Notice: Spoiler alert!

This series reveals details about the Hulu series The Handmaid’s Tale.
If you don’t want to know anything in advance of viewing, watch the series before you read the sermon notes.



Recently, I’ve become a fan of the Hulu series, The Handmaid’s Tale. Well, even as I type that, I know that “fan” is probably not quite right. It is hard to be a “fan” of this horrific, dystopian vision of the future. Perhaps a better description is “captivated viewer.” And I confess, I am captivated. Not only have I watched the series, but I also read Margaret Atwood’s 1986 novel, upon which the show is based, and re-watched the earlier version on film, a movie by the same name which came out in 1990.

Reading and watching The Handmaid’s Tale has caused me to reflect deeply on the word “freedom.” In the words of Margaret Atwood,

“There is more than one kind of freedom,” said Aunt Lydia. “Freedom to and freedom from. In the days of anarchy, it was freedom to. Now you are being given freedom from. Don’t underrate it.” (Margaret Atwood, The Handmaid’s Tale. Boston: Houghton Mifflin Harcourt, 1986, 24).

Specifically, in the context of today’s passage, I have been thinking about what kind of freedom the Apostle Paul means when he writes, “For the law of the Spirit of life in Christ Jesus has set you free from the law of sin and death”? Is he talking about freedom to, or freedom from?
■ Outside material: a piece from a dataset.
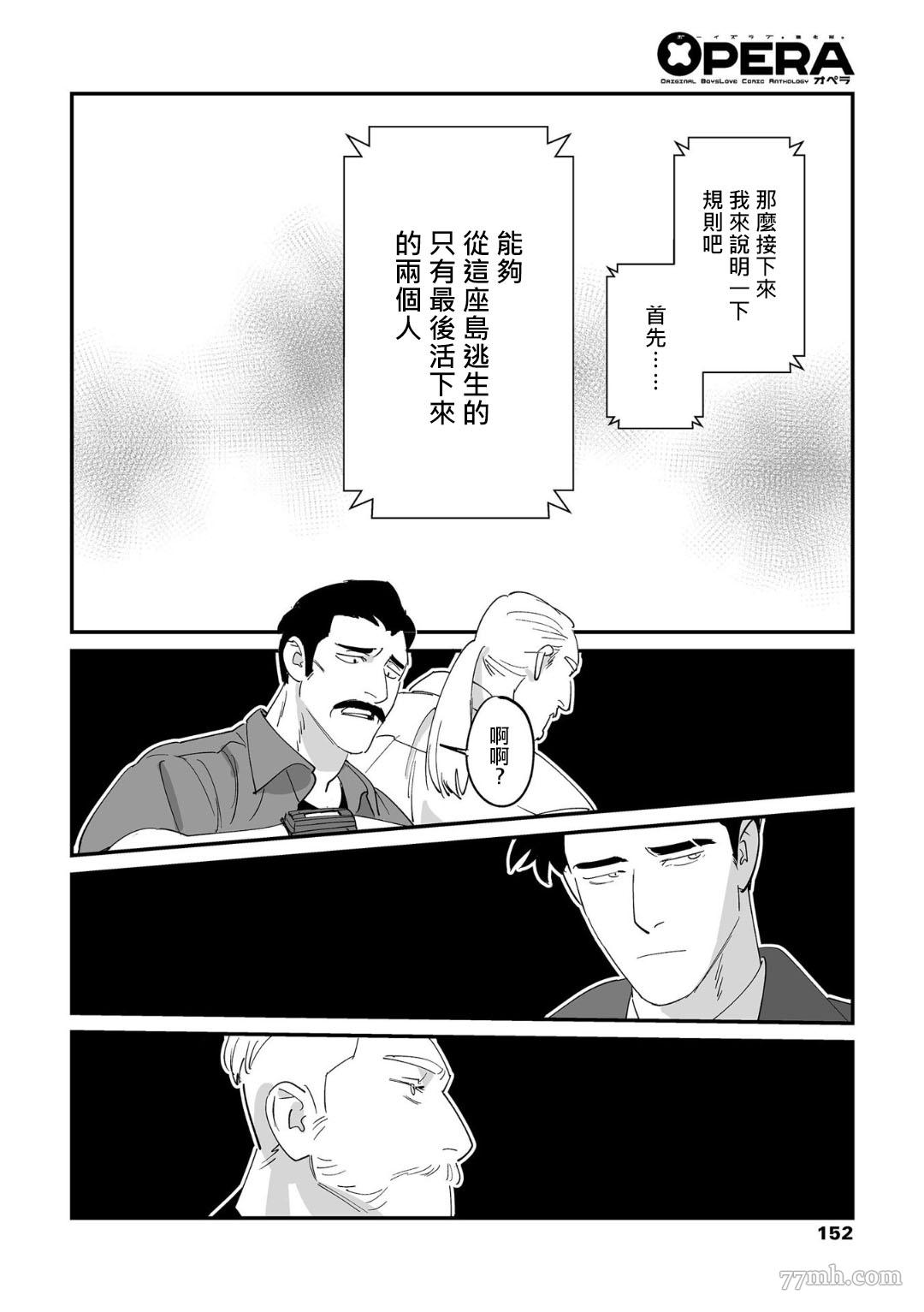 《婚配游戏》第1话 第16页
The setting for Atwood’s story is the Republic of Gilead, a fictional nation located within the former borders of the United States of America. Gilead is a highly theocratic, totalitarian society. In this Republic everyone is under the watchful eye of spies and secret police who are viewed as being literally the eyes of God. These eyes report any activity that could be seen as going against the new order. Even in private conversation, the handmaids use the phrase, "under His eye" as a constant reminder of the fact that "He" is always watching everything they do and say, if not think.

The Handmaid’s Tale tells the story of Offred, a fertile young woman who has been taken captive by the government and assigned to bear a child for a wealthy and powerful couple, Commander Fred Waterford and his wife, Serena Joy. Because of dangerously low reproduction rates that have occurred presumably as the result of human effects on the environment, the Waterfords and many other couples like them are childless. Women who are known to be able to get pregnant and carry children to term have been taken captive and forced into service as handmaids. If the women have previously had children, those children have been taken away and given over to be raised by wealthy, powerful and childless couples.

Offred is not the handmaid’s real name. The handmaid names consist of the word “of” followed by the name of the handmaid’s Commander. Thus, “Offred” is the handmaid of Fred. When the handmaids are moved to a different household, their names are changed to signify their new master.

Offred’s freedom, like the freedom of all women, is completely restricted. She can leave the house only on shopping trips; the door to her room cannot be completely shut; and the Eyes, Gilead’s secret police force, watch her every public move.

In the world of The Handmaid’s Tale, the only freedom that continues to exist for most people is the freedom of personal thought. All other freedoms have been stripped away. And for some, even the freedom of personal thought has been deeply tainted—by circumstances, by brainwashing, by intimidation and fear. Every person seems to be aware of being both watched over and charged with the task of watching over others in order to maintain the imposed social order. No one is safe and everyone is, to use the words of Margaret Atwood, “under His eye.”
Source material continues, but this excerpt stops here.